From the age of ten I enjoyed (if I could think of a stronger word I would use it) playing netball for a small town called Kybybolite, just outside of original hometown of Naracoorte. Basketball, Volleyball and more netball were among the team sports that I pursued when I moved to Adelaide in 2003. It was a very challenging decision to hang up my netball bodysuit at the end of the 2008 winter, in order to focus on my running. I felt as though I was making a choice between being a member of a team and a close circle of friends versus taking on the ‘lonely-man’s’ sport. In the five years since my decision to pursue running I can easily and excitedly say that I feel like I belong to one of the most closely-knit teams I have ever been a part of and an even wider team in the local and Australian community.

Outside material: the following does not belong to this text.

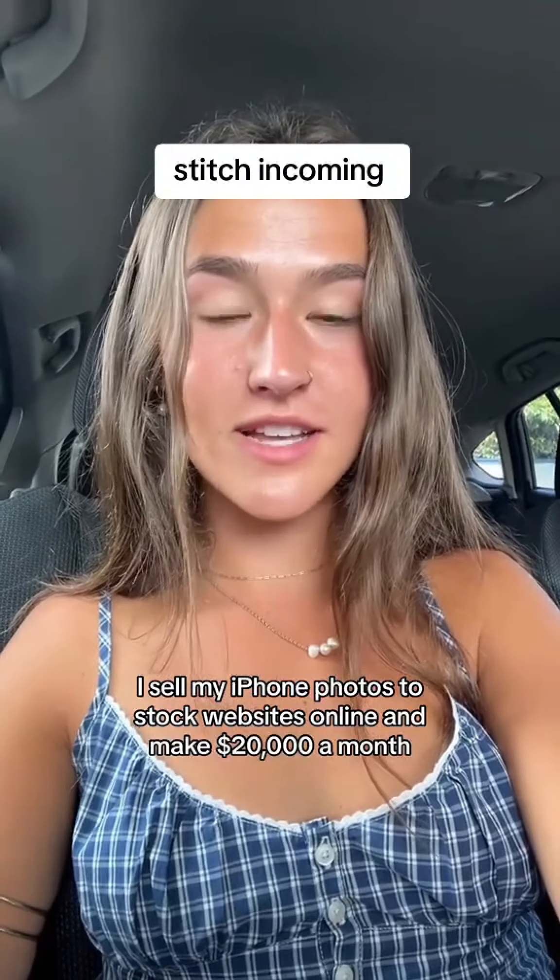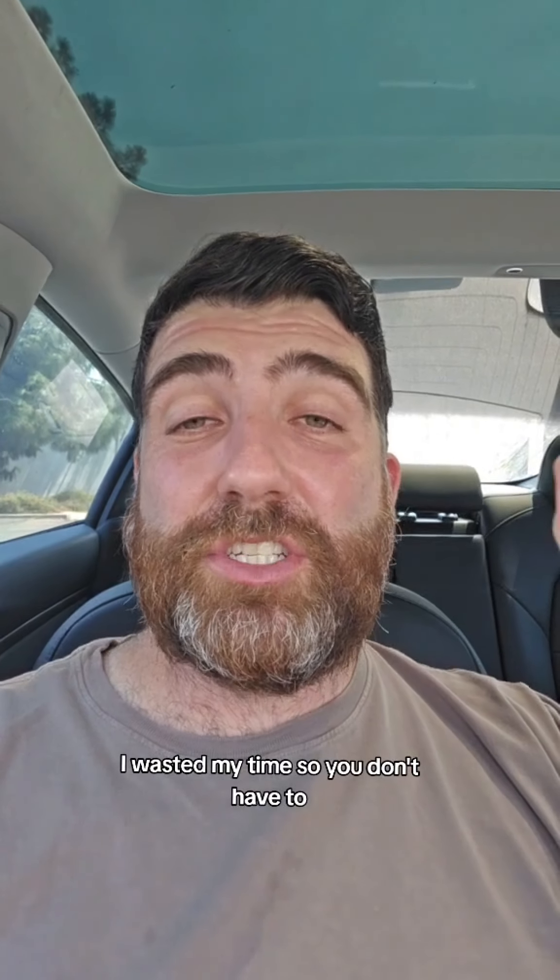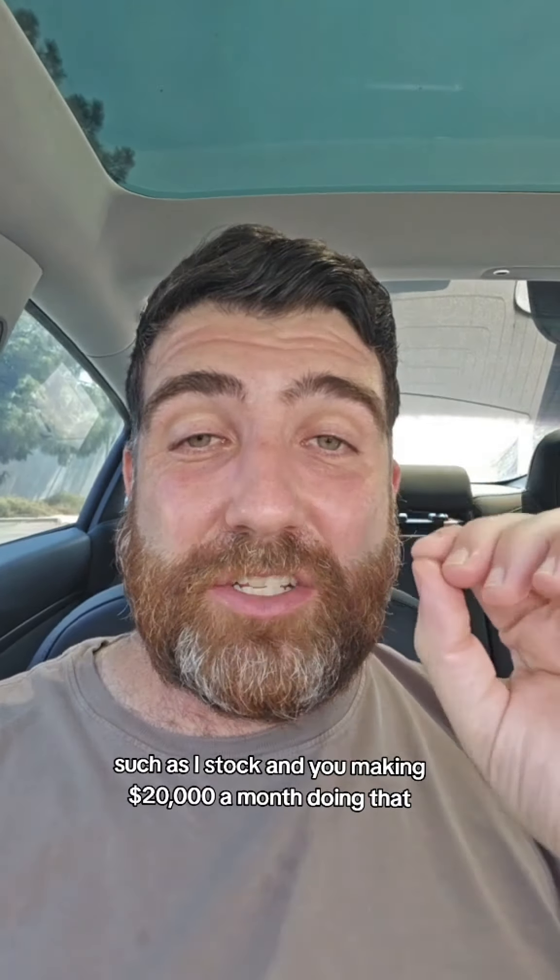I sell my iPhone photos to stock websites online and make $20,000 a month. I wasted my time so you don't have to. She's talking about selling your iPhone photos on different stock photo websites such as iStock and making $20,000 a month doing that.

In my experiences, running is far from a lonely sport… most of the time! In my average week of training I run anywhere between 1-3 hours on my own and even those runs are in partial company with dog-walkers, construction workers and friends tooting as they drive to work! You can’t get away with anything in Adelaide. I am fortunate to have a partner, Matt or ‘Ferbs’, who also loves to run middle-distance events. In an average week I run 2-4 hours with him. The bulk of my training however is the 8-10 hours per week that is done with my training group, Team Tempo; which also includes Matt. I am very fortunate to have the opportunity to run in company so often and it makes me appreciate my alone time when I do have it. A solitary run is a nice time to listen to a favourite playlist, solve the world’s issues, think about the day ahead and take in your surroundings.